With this replacement, the expression in question becomes
\begin{align}
F(x_i,y_i,\lambda_i)
&= \sum_{i=1}^n \lambda_i(q y_i + n_i)^2 + q^2 - \frac{(\sum_{i=1}^n\lambda_i(q y_i + n_i)y_i)^2}{\sum_{i=1}^n\lambda_iy_i^2}\\
&= q^2\sum_{i=1}^n \lambda_i y_i ^2 + 2q \sum_{i=1}^n \lambda_i y_i n_i + \sum_{i=1}^n \lambda_i n_i^2 + \\
&\qquad + q^2- \frac{(q \sum_{i=1}^n\lambda_i y_i^2 + \sum_{i=1}^n\lambda_in_iy_i)^2}{\sum_{i=1}^n\lambda_iy_i^2}\\
&= q^2\sum_{i=1}^n \lambda_i y_i ^2 + 2q \sum_{i=1}^n \lambda_i y_i n_i + \sum_{i=1}^n \lambda_i n_i^2 + \\
&\qquad + q^2- q^2 \sum_{i=1}^n\lambda_i y_i^2 - 2q \sum_{i=1}^n\lambda_in_iy_i -\frac{(\sum_{i=1}^n\lambda_in_iy_i)^2}{\sum_{i=1}^n\lambda_iy_i^2}\\
&= \sum_{i=1}^n \lambda_i n_i^2 + q^2 -\frac{(\sum_{i=1}^n\lambda_in_iy_i)^2}{\sum_{i=1}^n\lambda_iy_i^2}
\end{align}
Structurally, this looks strikingly similar to the original formulation. The difference (which we will exploit) is that the vector $(n_i)$ has a relation to the $q$, which was not present before.

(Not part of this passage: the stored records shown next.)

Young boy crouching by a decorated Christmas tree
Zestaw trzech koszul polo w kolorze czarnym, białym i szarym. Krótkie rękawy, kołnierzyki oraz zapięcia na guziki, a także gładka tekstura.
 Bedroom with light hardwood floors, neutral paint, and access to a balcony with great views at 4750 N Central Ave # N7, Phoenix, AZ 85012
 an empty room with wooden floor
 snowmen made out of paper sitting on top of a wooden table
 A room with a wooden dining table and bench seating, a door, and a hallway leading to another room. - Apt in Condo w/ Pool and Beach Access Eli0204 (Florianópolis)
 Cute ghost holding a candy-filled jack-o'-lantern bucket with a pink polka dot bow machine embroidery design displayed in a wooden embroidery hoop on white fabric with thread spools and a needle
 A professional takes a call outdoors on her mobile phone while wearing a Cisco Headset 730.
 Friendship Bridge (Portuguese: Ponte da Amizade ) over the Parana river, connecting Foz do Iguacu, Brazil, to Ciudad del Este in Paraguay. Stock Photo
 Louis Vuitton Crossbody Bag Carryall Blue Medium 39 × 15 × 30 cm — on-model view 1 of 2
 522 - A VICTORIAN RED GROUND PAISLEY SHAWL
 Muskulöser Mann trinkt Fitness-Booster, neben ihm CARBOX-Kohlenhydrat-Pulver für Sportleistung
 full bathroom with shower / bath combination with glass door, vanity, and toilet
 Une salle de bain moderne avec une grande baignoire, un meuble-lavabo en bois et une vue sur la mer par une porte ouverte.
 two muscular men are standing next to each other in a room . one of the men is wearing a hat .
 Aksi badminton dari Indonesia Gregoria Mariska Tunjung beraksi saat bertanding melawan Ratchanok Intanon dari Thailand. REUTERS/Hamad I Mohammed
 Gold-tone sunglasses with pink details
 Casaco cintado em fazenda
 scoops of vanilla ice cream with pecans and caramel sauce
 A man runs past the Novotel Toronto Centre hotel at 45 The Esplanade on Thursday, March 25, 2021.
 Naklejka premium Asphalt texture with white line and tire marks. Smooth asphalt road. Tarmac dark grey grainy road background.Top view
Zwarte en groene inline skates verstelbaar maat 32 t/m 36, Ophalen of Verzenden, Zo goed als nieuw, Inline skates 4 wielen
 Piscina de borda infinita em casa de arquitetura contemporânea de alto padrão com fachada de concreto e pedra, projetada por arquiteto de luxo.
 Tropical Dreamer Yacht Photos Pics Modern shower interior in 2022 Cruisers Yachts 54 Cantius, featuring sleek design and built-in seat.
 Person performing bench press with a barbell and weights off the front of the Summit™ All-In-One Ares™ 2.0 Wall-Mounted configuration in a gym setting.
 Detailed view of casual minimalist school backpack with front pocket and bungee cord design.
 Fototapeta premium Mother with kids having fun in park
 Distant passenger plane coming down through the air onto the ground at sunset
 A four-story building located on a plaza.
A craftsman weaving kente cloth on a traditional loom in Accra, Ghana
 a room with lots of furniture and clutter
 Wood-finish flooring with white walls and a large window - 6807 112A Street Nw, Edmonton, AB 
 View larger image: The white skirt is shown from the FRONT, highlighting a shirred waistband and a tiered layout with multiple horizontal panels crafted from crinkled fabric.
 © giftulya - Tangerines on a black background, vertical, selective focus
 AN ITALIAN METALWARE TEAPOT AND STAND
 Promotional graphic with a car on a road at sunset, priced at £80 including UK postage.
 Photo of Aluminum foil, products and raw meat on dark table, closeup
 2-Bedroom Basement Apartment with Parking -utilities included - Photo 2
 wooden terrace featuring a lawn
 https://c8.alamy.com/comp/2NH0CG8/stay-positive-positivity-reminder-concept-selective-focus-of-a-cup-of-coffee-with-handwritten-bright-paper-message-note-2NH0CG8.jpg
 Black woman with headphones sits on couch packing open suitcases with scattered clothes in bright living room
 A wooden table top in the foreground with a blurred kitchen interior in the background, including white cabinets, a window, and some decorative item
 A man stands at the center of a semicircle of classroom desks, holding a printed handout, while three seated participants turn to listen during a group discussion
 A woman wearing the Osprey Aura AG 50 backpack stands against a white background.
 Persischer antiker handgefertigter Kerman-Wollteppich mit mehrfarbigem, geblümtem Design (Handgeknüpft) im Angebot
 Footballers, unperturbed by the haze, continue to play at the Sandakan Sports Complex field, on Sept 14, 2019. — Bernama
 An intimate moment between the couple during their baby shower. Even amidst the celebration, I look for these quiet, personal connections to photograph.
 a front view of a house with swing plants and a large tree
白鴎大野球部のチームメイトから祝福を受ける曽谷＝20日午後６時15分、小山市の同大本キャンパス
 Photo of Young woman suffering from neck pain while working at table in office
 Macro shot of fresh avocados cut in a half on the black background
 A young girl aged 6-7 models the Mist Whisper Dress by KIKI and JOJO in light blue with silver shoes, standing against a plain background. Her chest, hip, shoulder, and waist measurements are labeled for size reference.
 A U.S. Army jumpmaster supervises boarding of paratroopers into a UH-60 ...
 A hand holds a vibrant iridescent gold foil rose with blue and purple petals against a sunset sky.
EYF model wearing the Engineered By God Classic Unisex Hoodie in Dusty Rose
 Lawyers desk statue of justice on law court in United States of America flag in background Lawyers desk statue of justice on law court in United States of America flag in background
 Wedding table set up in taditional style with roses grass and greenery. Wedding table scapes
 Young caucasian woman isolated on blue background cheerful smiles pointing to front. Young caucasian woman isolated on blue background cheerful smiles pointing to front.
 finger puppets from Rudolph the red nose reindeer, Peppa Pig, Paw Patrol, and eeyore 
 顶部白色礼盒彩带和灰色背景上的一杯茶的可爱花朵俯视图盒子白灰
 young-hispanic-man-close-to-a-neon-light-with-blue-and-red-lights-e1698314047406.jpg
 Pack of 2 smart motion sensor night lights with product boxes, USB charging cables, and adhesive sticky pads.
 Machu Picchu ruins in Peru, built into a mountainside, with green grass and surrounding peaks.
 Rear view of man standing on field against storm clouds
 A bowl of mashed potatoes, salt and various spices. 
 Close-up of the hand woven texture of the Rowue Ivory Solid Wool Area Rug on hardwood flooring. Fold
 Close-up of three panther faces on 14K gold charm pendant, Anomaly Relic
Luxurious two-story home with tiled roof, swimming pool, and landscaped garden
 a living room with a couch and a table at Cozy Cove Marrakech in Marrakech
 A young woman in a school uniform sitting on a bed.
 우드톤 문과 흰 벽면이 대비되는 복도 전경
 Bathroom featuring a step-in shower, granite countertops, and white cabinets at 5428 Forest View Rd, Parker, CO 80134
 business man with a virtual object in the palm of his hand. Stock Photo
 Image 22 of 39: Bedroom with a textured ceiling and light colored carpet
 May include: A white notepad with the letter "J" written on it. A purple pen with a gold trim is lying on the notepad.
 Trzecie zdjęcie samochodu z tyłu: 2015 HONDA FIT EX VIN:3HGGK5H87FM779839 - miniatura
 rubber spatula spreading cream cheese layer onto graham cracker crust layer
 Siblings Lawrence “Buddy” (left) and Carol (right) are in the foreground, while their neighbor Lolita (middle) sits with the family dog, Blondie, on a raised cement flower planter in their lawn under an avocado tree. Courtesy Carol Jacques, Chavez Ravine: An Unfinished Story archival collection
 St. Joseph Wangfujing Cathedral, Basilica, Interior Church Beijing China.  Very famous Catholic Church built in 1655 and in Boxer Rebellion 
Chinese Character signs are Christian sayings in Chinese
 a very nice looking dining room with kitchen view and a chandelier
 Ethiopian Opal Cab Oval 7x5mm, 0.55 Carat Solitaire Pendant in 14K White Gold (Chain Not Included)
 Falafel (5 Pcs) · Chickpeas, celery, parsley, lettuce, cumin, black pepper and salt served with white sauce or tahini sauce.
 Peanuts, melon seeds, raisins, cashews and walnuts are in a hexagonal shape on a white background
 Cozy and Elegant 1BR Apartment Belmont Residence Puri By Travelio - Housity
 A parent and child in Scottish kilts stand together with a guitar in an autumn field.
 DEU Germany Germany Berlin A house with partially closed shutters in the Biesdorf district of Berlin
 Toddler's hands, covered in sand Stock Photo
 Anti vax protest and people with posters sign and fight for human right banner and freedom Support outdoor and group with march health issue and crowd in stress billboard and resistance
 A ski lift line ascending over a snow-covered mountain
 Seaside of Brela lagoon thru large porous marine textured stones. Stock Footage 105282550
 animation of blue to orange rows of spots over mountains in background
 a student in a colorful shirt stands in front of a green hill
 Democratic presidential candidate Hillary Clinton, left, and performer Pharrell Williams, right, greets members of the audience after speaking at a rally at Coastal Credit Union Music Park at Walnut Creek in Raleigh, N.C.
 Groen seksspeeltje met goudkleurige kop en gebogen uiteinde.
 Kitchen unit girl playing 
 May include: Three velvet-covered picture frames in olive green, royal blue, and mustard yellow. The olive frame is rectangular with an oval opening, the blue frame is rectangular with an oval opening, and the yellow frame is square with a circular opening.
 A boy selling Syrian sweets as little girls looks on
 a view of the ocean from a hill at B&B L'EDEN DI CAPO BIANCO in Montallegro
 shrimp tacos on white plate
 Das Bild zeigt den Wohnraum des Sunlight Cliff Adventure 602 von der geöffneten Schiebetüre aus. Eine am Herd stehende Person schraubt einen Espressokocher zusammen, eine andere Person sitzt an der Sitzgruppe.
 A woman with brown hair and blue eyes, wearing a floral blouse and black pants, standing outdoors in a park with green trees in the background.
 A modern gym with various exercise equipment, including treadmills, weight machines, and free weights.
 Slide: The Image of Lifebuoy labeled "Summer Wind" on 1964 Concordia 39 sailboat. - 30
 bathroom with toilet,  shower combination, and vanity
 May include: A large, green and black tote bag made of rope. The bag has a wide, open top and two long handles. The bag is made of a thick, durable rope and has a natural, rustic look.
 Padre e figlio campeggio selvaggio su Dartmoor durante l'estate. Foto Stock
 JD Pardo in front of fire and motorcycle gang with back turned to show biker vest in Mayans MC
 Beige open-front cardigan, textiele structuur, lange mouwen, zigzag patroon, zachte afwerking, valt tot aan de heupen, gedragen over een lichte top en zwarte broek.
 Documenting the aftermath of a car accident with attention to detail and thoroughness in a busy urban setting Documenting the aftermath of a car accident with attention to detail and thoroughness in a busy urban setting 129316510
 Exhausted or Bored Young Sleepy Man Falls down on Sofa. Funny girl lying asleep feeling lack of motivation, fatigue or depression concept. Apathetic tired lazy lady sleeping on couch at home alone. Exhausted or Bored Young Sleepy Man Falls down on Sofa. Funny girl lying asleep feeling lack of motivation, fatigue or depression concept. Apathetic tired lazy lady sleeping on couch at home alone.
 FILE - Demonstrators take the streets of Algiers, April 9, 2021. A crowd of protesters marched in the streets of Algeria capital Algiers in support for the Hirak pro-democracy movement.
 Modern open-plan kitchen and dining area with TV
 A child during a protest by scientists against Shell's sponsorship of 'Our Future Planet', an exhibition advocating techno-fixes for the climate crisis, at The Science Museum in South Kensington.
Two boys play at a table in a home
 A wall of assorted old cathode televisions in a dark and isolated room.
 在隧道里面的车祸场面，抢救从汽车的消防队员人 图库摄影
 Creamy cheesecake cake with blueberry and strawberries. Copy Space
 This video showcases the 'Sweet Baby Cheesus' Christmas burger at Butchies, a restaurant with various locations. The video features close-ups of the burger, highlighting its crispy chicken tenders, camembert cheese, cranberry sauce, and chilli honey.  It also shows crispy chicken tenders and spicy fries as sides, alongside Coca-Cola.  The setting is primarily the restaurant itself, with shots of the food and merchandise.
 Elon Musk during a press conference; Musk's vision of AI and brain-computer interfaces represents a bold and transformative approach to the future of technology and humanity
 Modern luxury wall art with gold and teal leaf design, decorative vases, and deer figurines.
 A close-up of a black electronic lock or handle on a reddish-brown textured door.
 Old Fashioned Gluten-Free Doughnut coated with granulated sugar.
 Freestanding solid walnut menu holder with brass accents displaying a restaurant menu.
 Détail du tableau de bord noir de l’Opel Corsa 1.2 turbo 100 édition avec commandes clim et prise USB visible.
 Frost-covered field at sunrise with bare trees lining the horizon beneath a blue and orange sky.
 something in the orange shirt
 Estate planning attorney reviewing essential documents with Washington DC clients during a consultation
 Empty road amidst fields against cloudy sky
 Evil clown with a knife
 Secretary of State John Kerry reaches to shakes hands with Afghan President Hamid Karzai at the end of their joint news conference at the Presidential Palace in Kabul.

Replacing $q^2 = 1 - \sum_{i=1}^n n_i^2 $ (we had computed that already above) and bounding $\frac{(\sum_{i=1}^n\lambda_in_iy_i)^2}{\sum_{i=1}^n\lambda_iy_i^2} \ge 0$ gives
\begin{align}
F(x_i,y_i,\lambda_i) &\le \sum_{i=1}^n \lambda_i n_i^2 + 1 - \sum_{i=1}^n n_i^2
\\ &\le \lambda_n \sum_{i=1}^n n_i^2 + 1 - \sum_{i=1}^n n_i^2
\\
&= 1 + (\lambda_n - 1)\sum_{i=1}^n n_i^2
\end{align}
Further, we have that $\lambda_n - 1 \ge 0 $ and $\sum_{i=1}^n n_i^2 = 1 -q^2 \le 1$, so we can conclude
$$
F(x_i,y_i,\lambda_i) \le 1 + (\lambda_n - 1) = \lambda_n
$$
which is the desired result for the right inequality. This completes the proof. $\qquad \square$
Some interpretation: The bounding $\frac{(\sum_{i=1}^n\lambda_in_iy_i)^2}{\sum_{i=1}^n\lambda_iy_i^2} \ge 0$ gives rise to the conclusion that this term is "not important" so it could be bounded away. This is the case, since without the $\lambda_i$, this term would become zero, as $\sum_{i=1}^n n_iy_i = 0$. Indeed, few computer simulations show that, for various choices of the $\lambda_i$, the maximum of the expression in question will be obtained when the vector $x$ is chosen almost perfectly perpendicular to the vector $y$, hence $x \simeq n$, which means that the discussed bounding is "save" as the term becomes small and thus doesn't produce much difference to the true result.